The Generational Curveball
Age produces some of the survey’s most counterintuitive findings. Younger Americans (18-29) are the group most likely to consider being extremely rich immoral — one-third take that position, compared to just 10% of adults 65 and older. This age gap holds even within political parties: young Democrats are far more likely to condemn wealth than older Democrats; young Republicans are more likely than their elders to do so as well.
At the same time, younger adults are less likely than older adults to call homosexuality morally wrong — 30% of 18-to-29-year-olds take that position compared to higher shares among every older age group. The conventional read is that younger Americans are more permissive across the board. The wealth finding complicates that. They’re not simply more permissive — they’ve redistributed their moral concerns toward different targets.

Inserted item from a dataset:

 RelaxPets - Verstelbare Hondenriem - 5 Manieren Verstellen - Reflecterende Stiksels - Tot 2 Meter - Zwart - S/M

Americans Think Everyone Around Them Is Immoral

Perhaps the most globally unusual finding in Pew’s related international research is this: 53% of Americans say the morality and ethics of their fellow citizens are somewhat or very bad. In a 25-country survey, the U.S. stood out as one of the few nations where a majority of people view their fellow citizens as morally deficient. In nearly every other country surveyed, more people rated their compatriots as morally good than bad.
This finding sits in an interesting tension with the survey’s actual behavioral data. When asked about specific behaviors, Americans express mostly permissive views — yet a majority believe the people around them have bad values. The gap between how people judge abstract “other Americans” and how they assess actual behaviors suggests that the moral pessimism Americans feel toward each other may have more to do with political perception than with real behavioral differences.

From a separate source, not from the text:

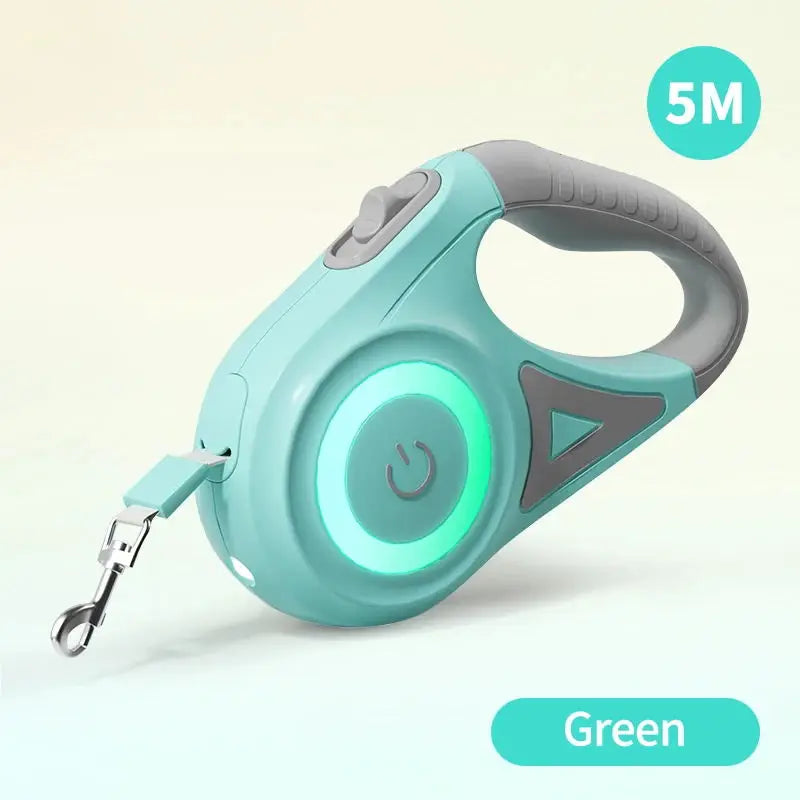 ROJECO Automatic Retractable Dog Leash LED Luminous Leading Fashion Light Straps For Dog Puppy Pet Flexi Walking Running Lead 5m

What the Map Actually Shows
The survey’s headline, that Republicans and Democrats sharply disagree, is true. But the more durable takeaway is structural: Americans are applying moral frameworks more selectively and surprisingly than the binary frame of the culture wars captures. Extramarital affairs: almost everyone agrees. Death penalty, extreme wealth, corporal punishment: significant minorities call these wrong, distributed in ways that don’t neatly fit the usual scripts. Contraception, doctor-assisted dying, homosexuality: broad permissiveness, held quietly by majorities that don’t always make news.
The country is divided. It’s also, in ways the data keeps revealing, more complicated than the divide.